-------- RECORDS TO USE

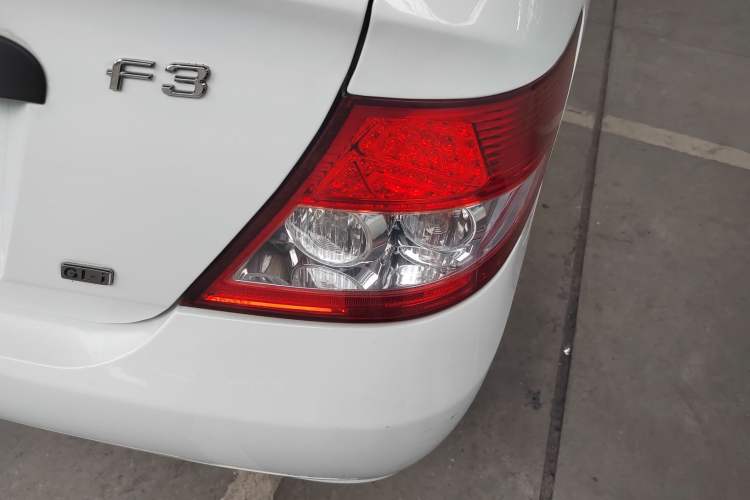 Used BYD F3 2016 1.5L Manual Comfort Model Right Rear Taillight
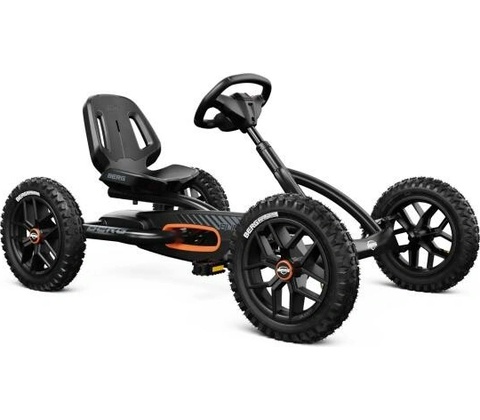 BERG Buddy Cross Black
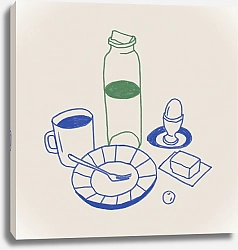 Постер Julie Alex A healthy break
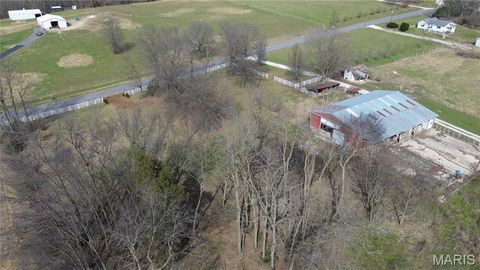 Tiny photo for 412 Penrod Road, Troy, MO 63379 (MLS # 26016947)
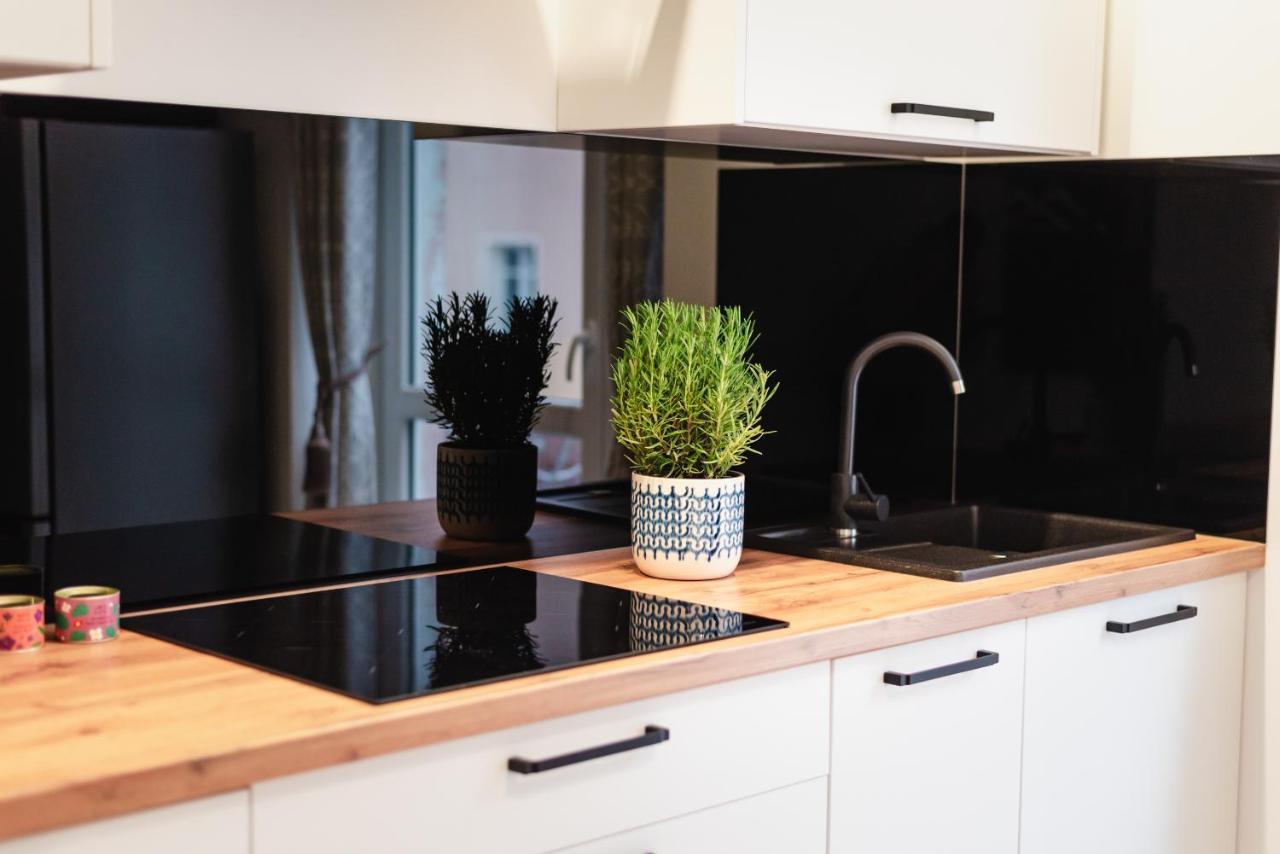 Apartamenty U Maciusia Duszniki Zdrój Esterno foto
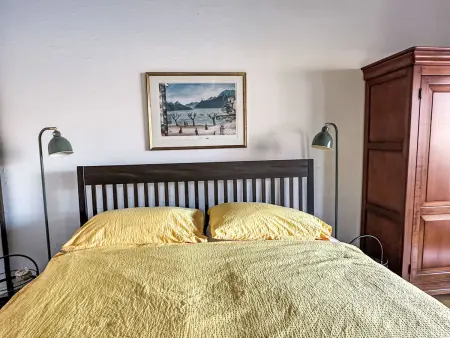 Residenza Viramonte - Casa Bianca, Wohnung 14, Appartement 3 personnes à Vira - Photo 12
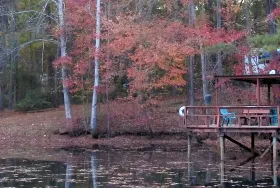 Photograph of Pine Lake Campground, Bishop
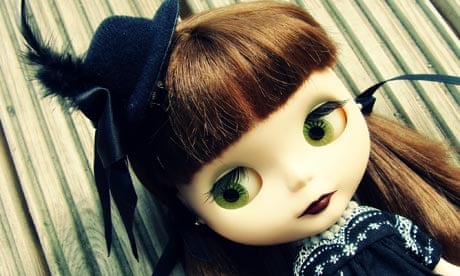 Blythe dolls: too scary for children, loved by adults, Toys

----------------

Please retype the lines from the one that contains "Residenza Viramonte - Casa" to the final line of the records, both included, exactly as written and without any pictures.

 Residenza Viramonte - Casa Bianca, Wohnung 14, Appartement 3 personnes à Vira - Photo 12
 Photograph of Pine Lake Campground, Bishop
 Blythe dolls: too scary for children, loved by adults, Toys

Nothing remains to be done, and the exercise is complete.